A wind filled the space, carrying with it smells of battlefield death, the charnel house, and something that reminded her of rotting fish. She vomited uncontrollably, finally sinking to her knees, then was suddenly jerked backward and watched as a huge tentacle slammed into the floor where she had been kneeli
ng.
“So, being twice shot at by your husband caused no curiosity to float to the surface?” Boots said, Persi on top of him.
“Not really, I was trying to end this. Nice shots though,” she said.
“At this point in the ritual, breaking the circle releases the beast. We need to close the hole,” he said, pointing up.
“Oh, well, and how do we ...” she began, then stopped when he held up a doorknocker.
“Bomb?” she asked.
“Yes, we need to blow the tops off the towers. I think that will shut the portal,” Boots said.
A tentacle snaked across the floor toward them. “Now go,” he jumped to his feet, then yanked Persi to hers. “You take the one down there,” he said, jerking his head to his left, “I’ll take the one at the other end.” He held the device in front of him, “Hook, pull and scurry.”
She nodded and each ran toward a tower, but a mere second later they were thrown to the ground as the earth rippled. When they turned, the monster was gone and a huge hole had formed in the floor. Before they could examine further, a second set of arms extended through the portal, entering the room. They bolted for the towers, Persi’s was closer and she began climbing the steel ladder she found attached to one of the legs, before Boots reached his tower.

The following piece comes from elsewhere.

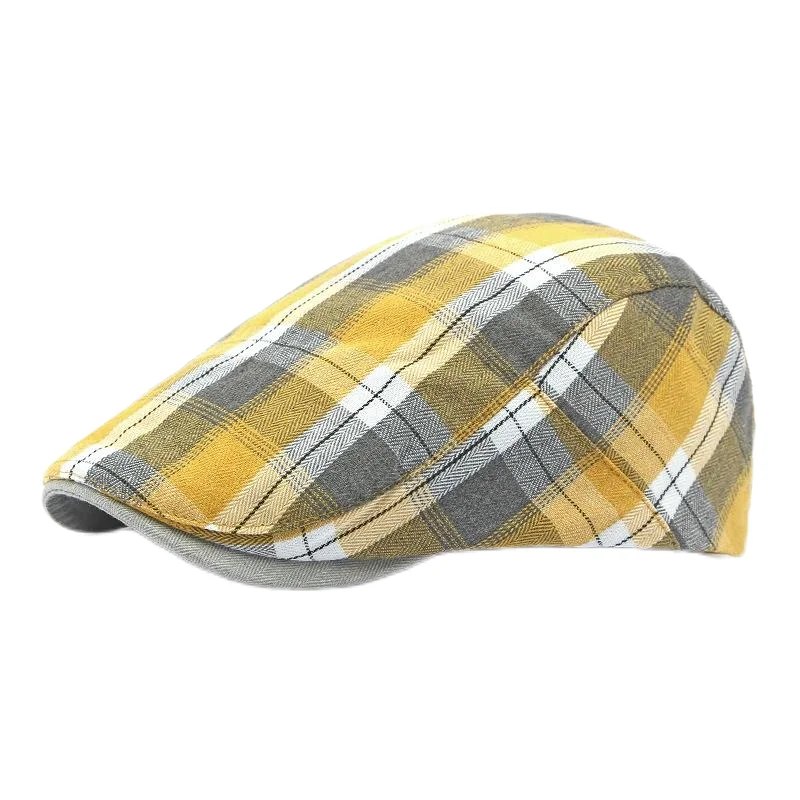 Béret à carreaux Dopamine pour printemps et été, chapeau avant en langue de canard, visière de Style britannique, chapeaux d\'été pour femmes et hommes, chapeaux de soleil, chapeau de papa, cadeau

On the way up the ladder she acknowledged the usefulness of the tactical clothing she wore. It was much easier to move in which added to her speed and balance, however the thought of having her legs separated, reminded her of wearing pantaloons in public and she wanted to glance back to see who might be watching.

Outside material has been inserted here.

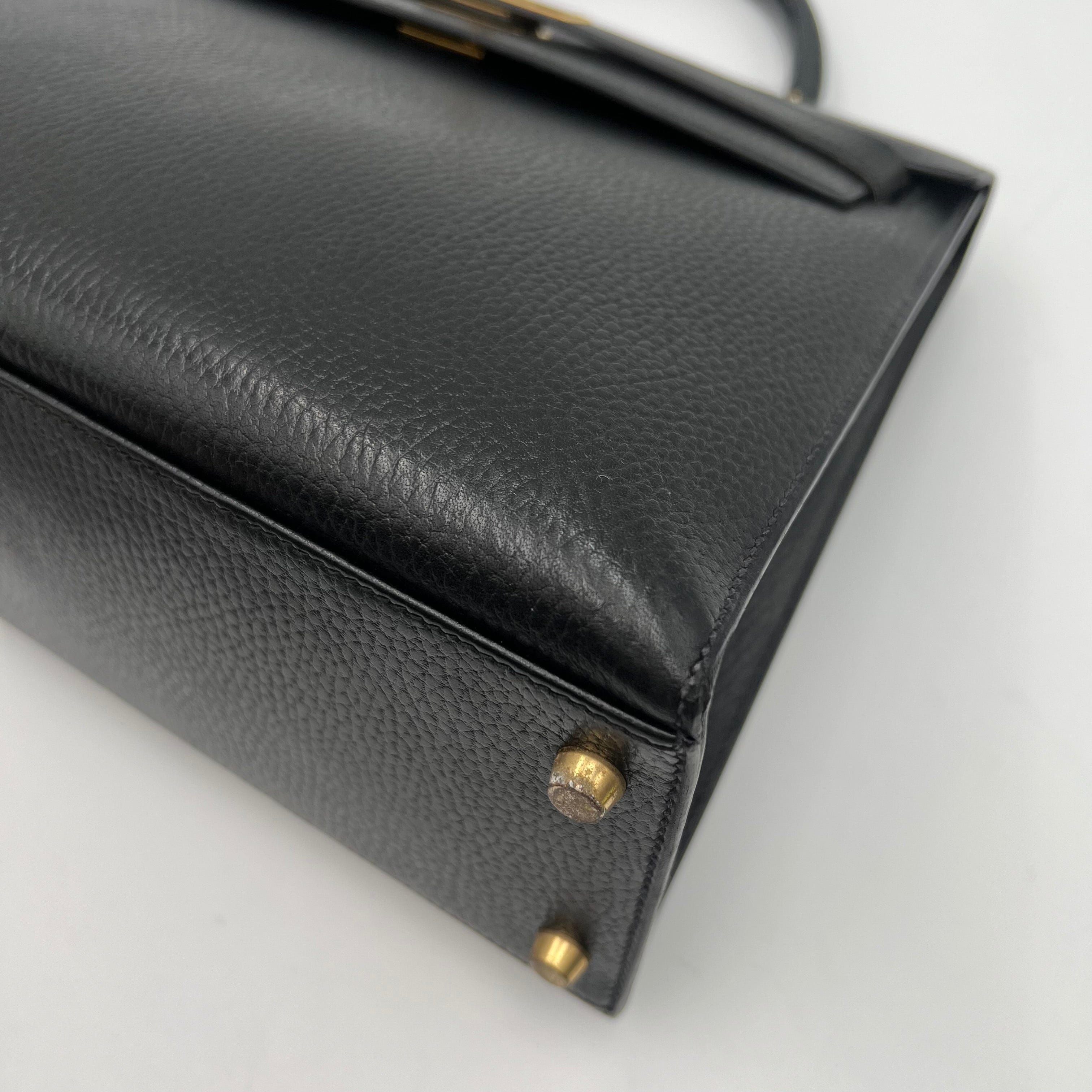 Luxury Promise HERMES KELLY 32 SELLER BLACK ARDENNES GHW #X Circle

At the top of the tower, she hooked the device around a bolt head and pulled. The electrical power was intense and though there was no lightning visible, the energy pulled hair from the pins that held it in place and forced it straight into the air. She descended the ladder as fast as she had climbed it and was ten feet from the floor when a mechanical strode into view. It stood at the base of the ladder and she was not sure whether it knew she was there or not.